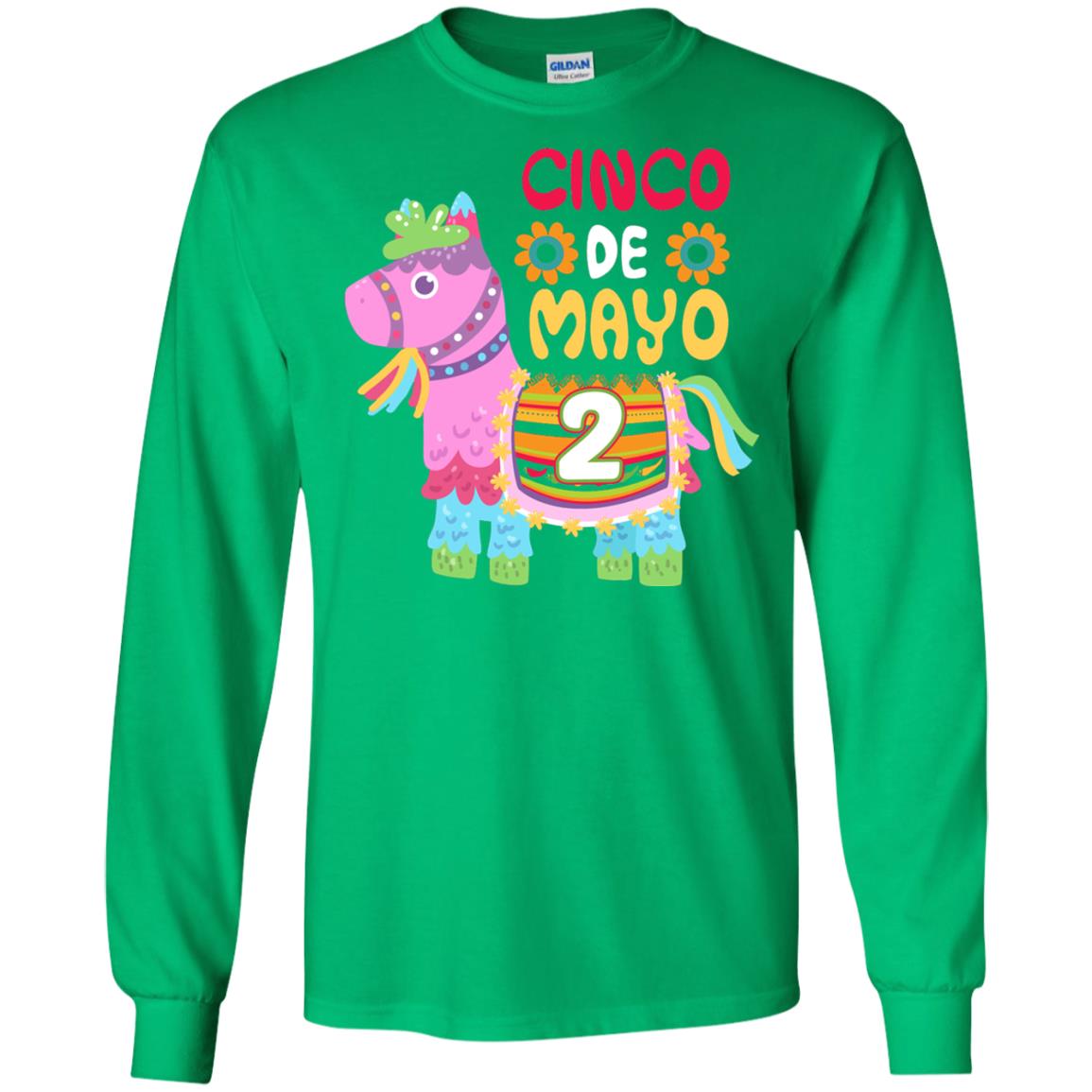 Cinco De Mayo Pinata Jockeys Horse Race 2nd Birthday T-shirt Irish Green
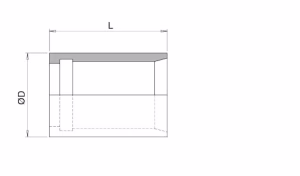 Schema Grafico BOCCOLA PER TUBO PTFE AERTUBI S.r.l.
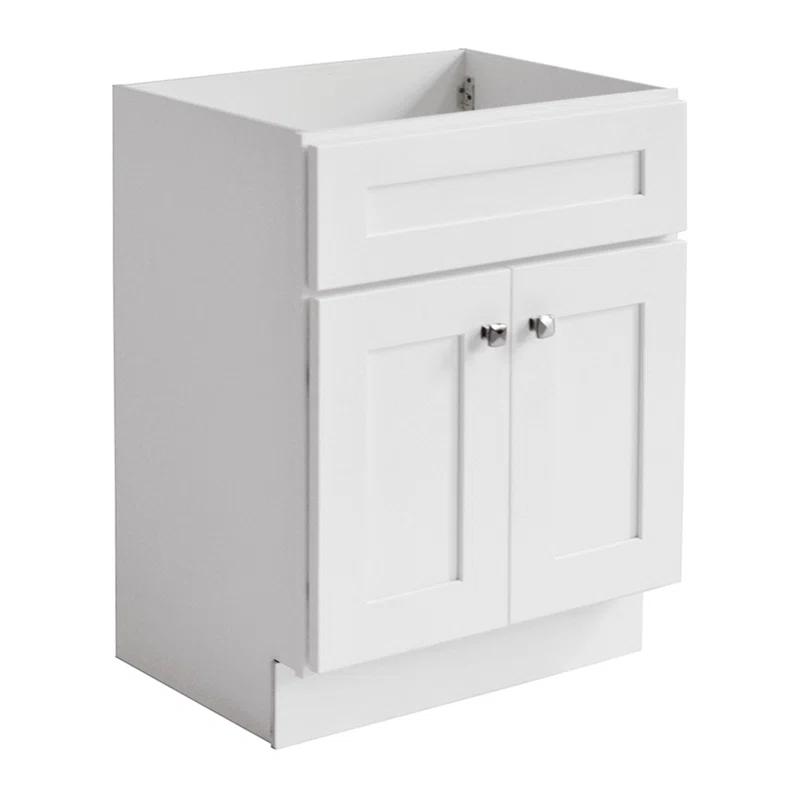 Design House Brookings 30 Inch Bathroom Vanity, Ready to Assemble, Solid Wood, Sherwin Williams – Design House, 587089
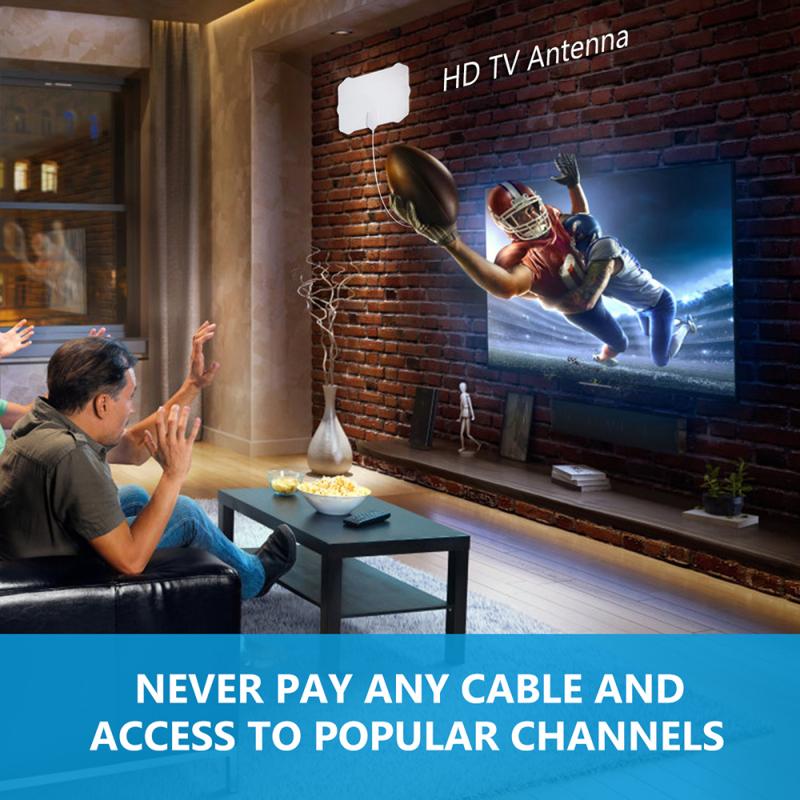 Indoor Digitale Hdtv Antenne 960 Miles Radius Versterker1080p Isdb-Tb Satellietschotel Signaal Ontvanger Antenne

# Task prompt
Copy the data word for word. Pictures do not go in the copy.

# Exercise solution
 Cinco De Mayo Pinata Jockeys Horse Race 2nd Birthday T-shirt Irish Green
 Schema Grafico BOCCOLA PER TUBO PTFE AERTUBI S.r.l.
 Design House Brookings 30 Inch Bathroom Vanity, Ready to Assemble, Solid Wood, Sherwin Williams – Design House, 587089
 Indoor Digitale Hdtv Antenne 960 Miles Radius Versterker1080p Isdb-Tb Satellietschotel Signaal Ontvanger Antenne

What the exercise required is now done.